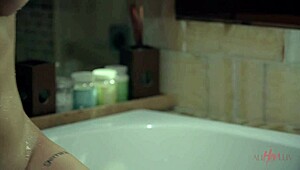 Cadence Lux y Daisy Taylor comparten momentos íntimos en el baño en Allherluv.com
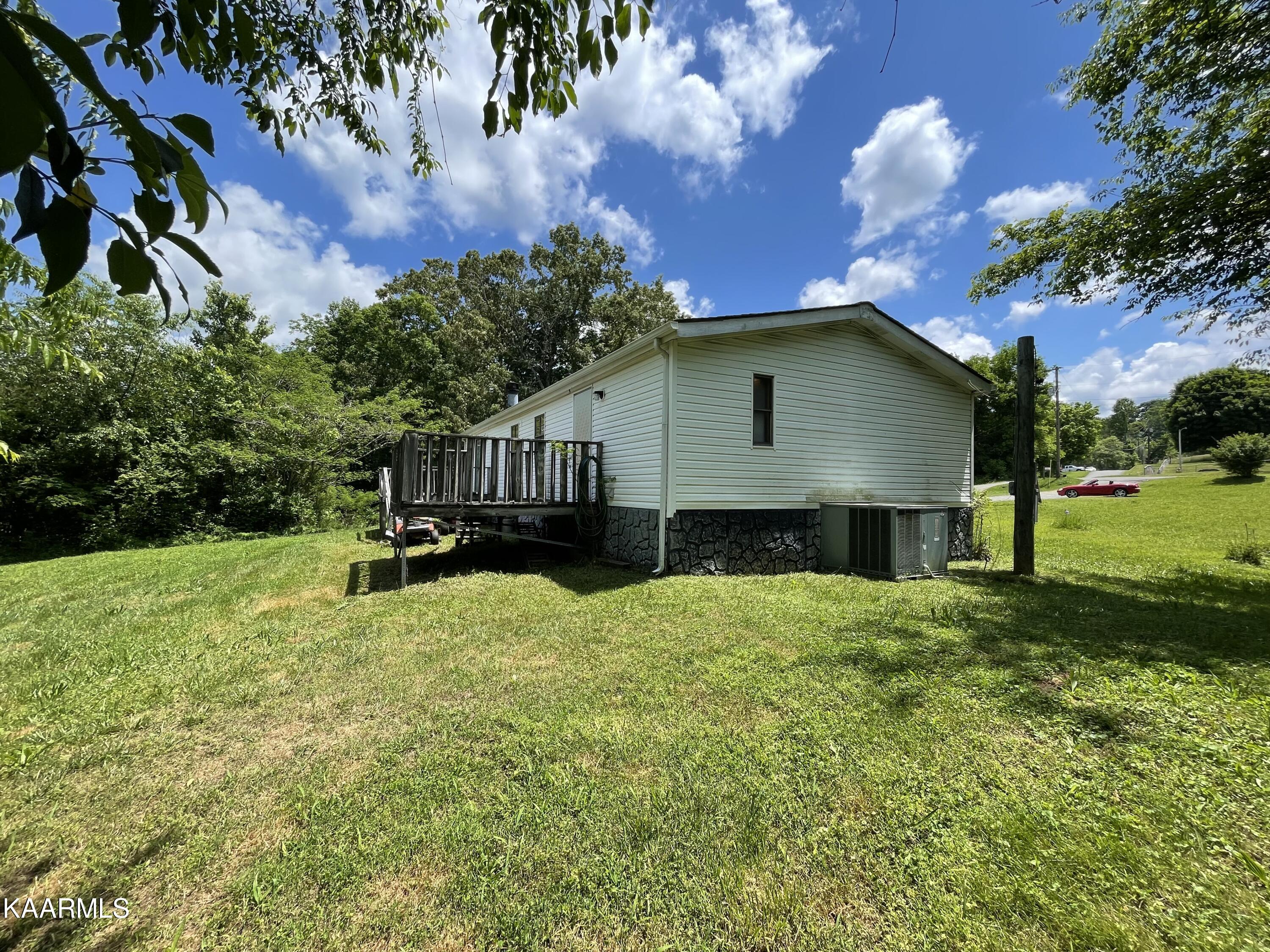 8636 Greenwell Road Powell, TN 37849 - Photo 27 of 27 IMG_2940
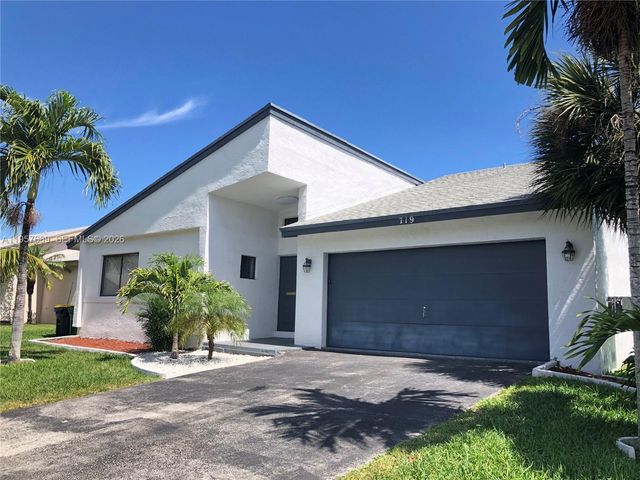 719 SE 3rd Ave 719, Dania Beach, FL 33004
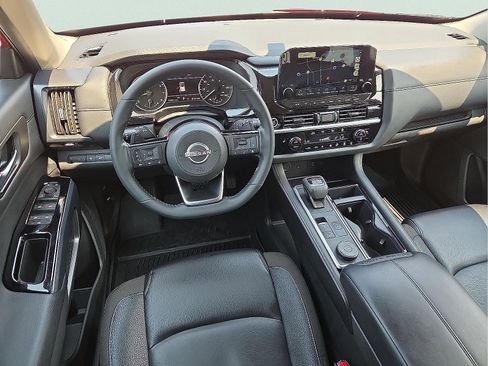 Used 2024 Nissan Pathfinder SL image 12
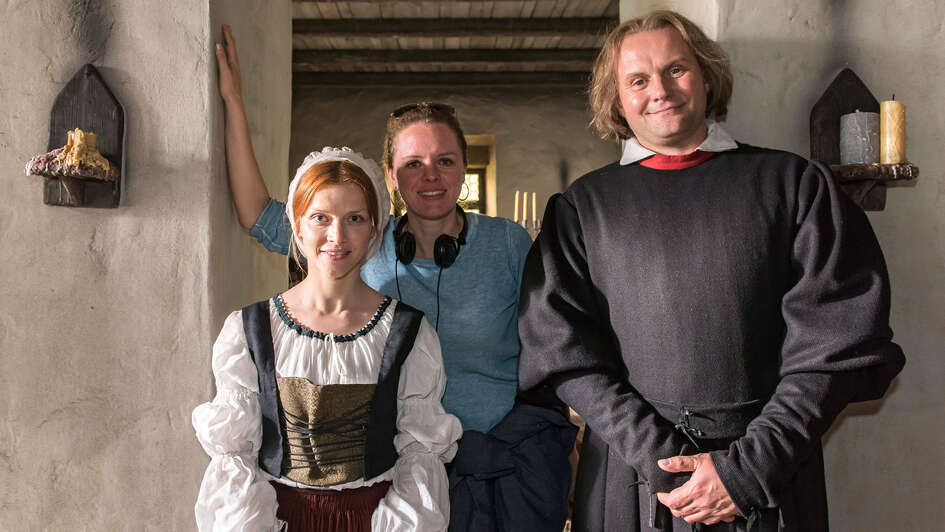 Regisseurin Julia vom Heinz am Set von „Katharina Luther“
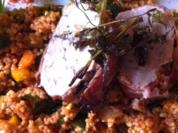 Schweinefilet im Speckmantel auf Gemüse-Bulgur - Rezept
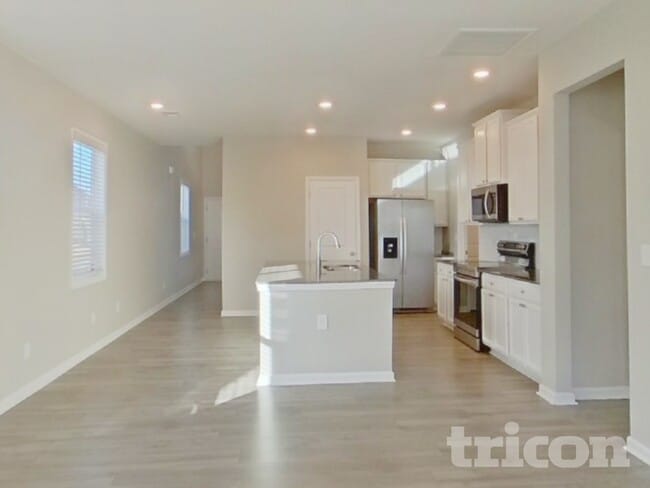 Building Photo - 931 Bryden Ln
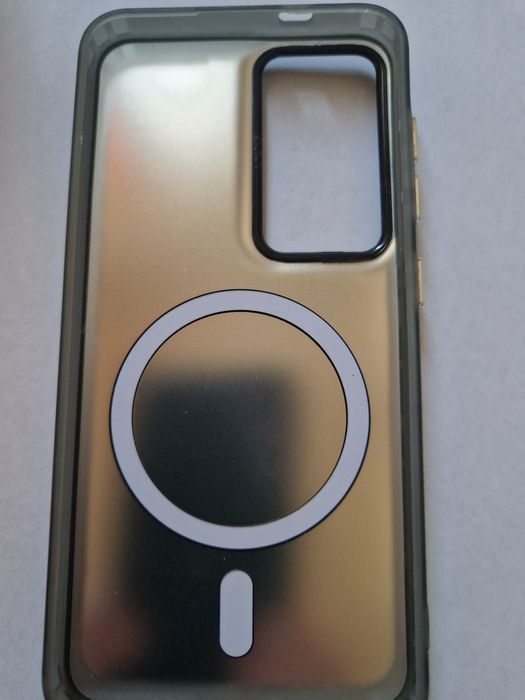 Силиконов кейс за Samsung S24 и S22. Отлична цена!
# # #
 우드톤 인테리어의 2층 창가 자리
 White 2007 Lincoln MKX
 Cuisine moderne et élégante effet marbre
# # #
**Exercise objective:** Pictures excluded, give again exactly and only the lines of the material above from the line with "Building Photo - 931 Bryden Ln" through the line with "Силиконов кейс за".

**Task response:**
 Building Photo - 931 Bryden Ln
 Силиконов кейс за Samsung S24 и S22. Отлична цена!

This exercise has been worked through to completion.